S.V. Hosseini, H. Niknahad, N. Fakhar, A. Rezaianzadeh and D. Mehrabani

Abstract: This study was carried out to investigate the healing effect of mixture of honey, putty and vitriol dissolved in olive oil on burn wounds infected with P. aeruginosa in rat as an experimental animal model. From April to July 2008, 60 rats were divided into three equal groups, Group A as control left without any treatment, Group B received mixture of honey, putty and vitriol dissolved in olive oil and Group C received just silver sulfadiazine. A standard 3rd degree burn wound was established and after 24 h, 10⁸colony forming units of toxigenic strains of P. aeruginosa were inoculated subcutaneously. Samples from infected areas were cultured to identify the bacteria. After 7, 14 and 21 days, the burn areas were studied histologically. Bacterial count of the wound on 2nd day was 10⁵ P. aeruginosa.

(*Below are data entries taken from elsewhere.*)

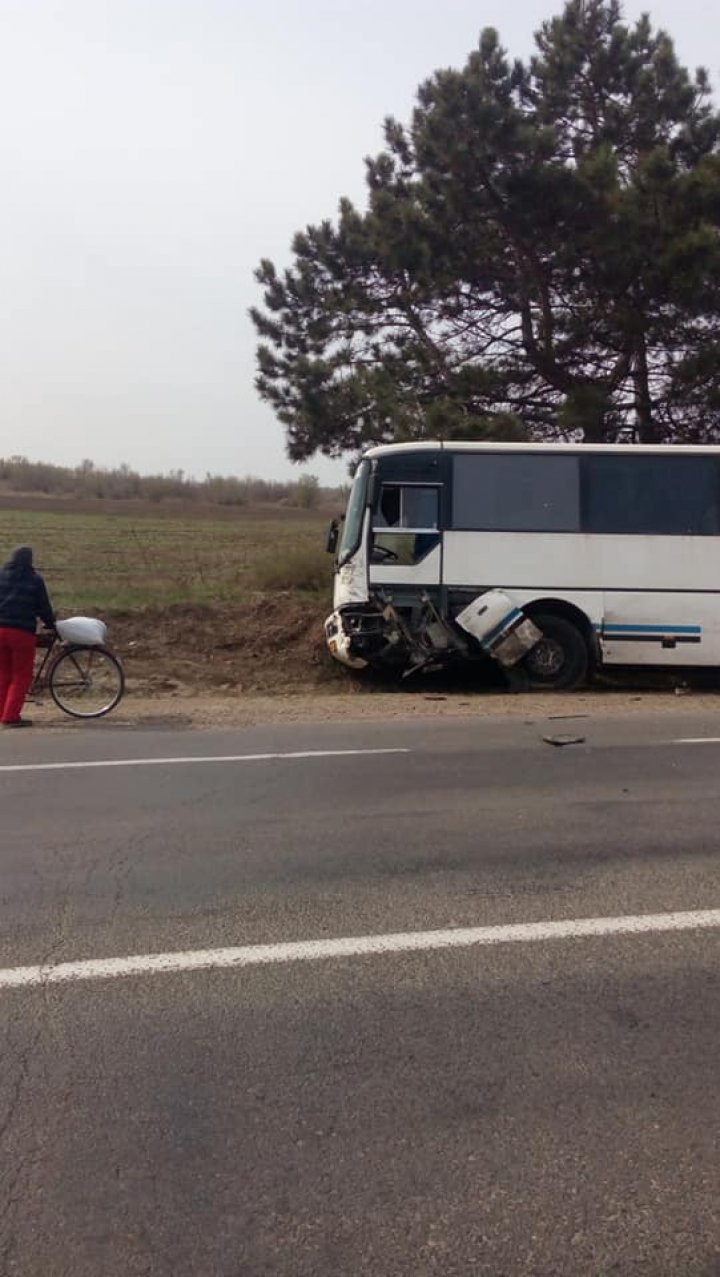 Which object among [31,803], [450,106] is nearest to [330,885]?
[31,803]

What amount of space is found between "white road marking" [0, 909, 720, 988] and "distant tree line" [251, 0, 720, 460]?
12.4 metres

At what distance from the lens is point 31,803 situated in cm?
669

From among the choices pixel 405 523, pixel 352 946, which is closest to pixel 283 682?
pixel 405 523

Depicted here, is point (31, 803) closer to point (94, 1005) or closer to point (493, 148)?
point (94, 1005)

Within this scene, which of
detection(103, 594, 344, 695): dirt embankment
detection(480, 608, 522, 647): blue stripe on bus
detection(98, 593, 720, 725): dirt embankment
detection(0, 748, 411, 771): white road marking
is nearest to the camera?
detection(0, 748, 411, 771): white road marking

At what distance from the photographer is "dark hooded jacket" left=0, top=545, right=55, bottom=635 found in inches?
381

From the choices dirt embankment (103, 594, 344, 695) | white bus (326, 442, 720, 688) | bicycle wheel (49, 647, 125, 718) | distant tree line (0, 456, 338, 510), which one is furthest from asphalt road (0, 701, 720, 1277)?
distant tree line (0, 456, 338, 510)

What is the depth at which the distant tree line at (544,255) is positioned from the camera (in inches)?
639

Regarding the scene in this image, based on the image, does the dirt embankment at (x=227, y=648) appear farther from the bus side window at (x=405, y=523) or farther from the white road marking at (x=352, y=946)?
the white road marking at (x=352, y=946)

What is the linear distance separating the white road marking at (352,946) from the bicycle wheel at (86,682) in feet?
20.8

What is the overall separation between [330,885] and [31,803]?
8.32ft

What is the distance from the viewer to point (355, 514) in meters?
12.5

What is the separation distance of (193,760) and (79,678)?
2719 mm

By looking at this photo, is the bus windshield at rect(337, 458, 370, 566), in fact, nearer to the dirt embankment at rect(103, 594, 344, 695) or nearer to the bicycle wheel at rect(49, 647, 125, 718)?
the dirt embankment at rect(103, 594, 344, 695)
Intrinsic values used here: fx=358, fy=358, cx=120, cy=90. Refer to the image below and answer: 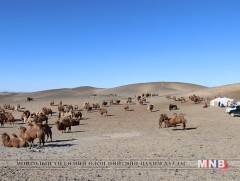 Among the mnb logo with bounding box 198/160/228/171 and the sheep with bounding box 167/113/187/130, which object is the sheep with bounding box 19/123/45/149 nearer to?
the mnb logo with bounding box 198/160/228/171

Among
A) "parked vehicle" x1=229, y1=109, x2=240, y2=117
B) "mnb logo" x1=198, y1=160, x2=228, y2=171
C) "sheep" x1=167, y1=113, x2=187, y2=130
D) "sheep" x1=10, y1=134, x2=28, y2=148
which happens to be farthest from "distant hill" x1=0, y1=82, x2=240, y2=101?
"mnb logo" x1=198, y1=160, x2=228, y2=171

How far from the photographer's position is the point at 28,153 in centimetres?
1764

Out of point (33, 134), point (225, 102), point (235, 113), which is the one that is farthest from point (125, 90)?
point (33, 134)

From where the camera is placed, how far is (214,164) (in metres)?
15.4

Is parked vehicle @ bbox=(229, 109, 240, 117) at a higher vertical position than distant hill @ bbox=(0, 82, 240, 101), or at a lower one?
lower

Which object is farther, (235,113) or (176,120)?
(235,113)

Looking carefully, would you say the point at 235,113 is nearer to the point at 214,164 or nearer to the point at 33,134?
the point at 214,164

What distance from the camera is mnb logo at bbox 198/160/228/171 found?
14940mm

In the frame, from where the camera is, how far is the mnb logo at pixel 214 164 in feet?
49.0

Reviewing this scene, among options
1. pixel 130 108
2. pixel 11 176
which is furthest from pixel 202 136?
pixel 130 108

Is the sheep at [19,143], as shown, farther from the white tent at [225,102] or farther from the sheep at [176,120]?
the white tent at [225,102]

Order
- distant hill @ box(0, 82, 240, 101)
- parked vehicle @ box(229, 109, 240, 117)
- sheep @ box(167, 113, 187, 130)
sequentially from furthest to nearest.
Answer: distant hill @ box(0, 82, 240, 101), parked vehicle @ box(229, 109, 240, 117), sheep @ box(167, 113, 187, 130)

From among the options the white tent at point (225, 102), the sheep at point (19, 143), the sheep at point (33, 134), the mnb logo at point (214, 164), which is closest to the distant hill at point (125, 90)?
the white tent at point (225, 102)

On day 7, 14 and 21, the number of bacteria in groups B and C significantly decreased in comparison to Group A. Regarding epithelialization on day 7, no significant difference was noticed between groups B and C. On day 14, Group B demonstrated better re-epithelialization than groups A and C. On day 21, best results were observed in Group B but the difference was not significant. On day 21, there was poor re-epithelialization in Group A. The mean score of group C was between A and B groups. Our results showed that our mixture for treatment of burn site was safe and effective. However, to use this mixture clinically, more supportive studies seem necessary.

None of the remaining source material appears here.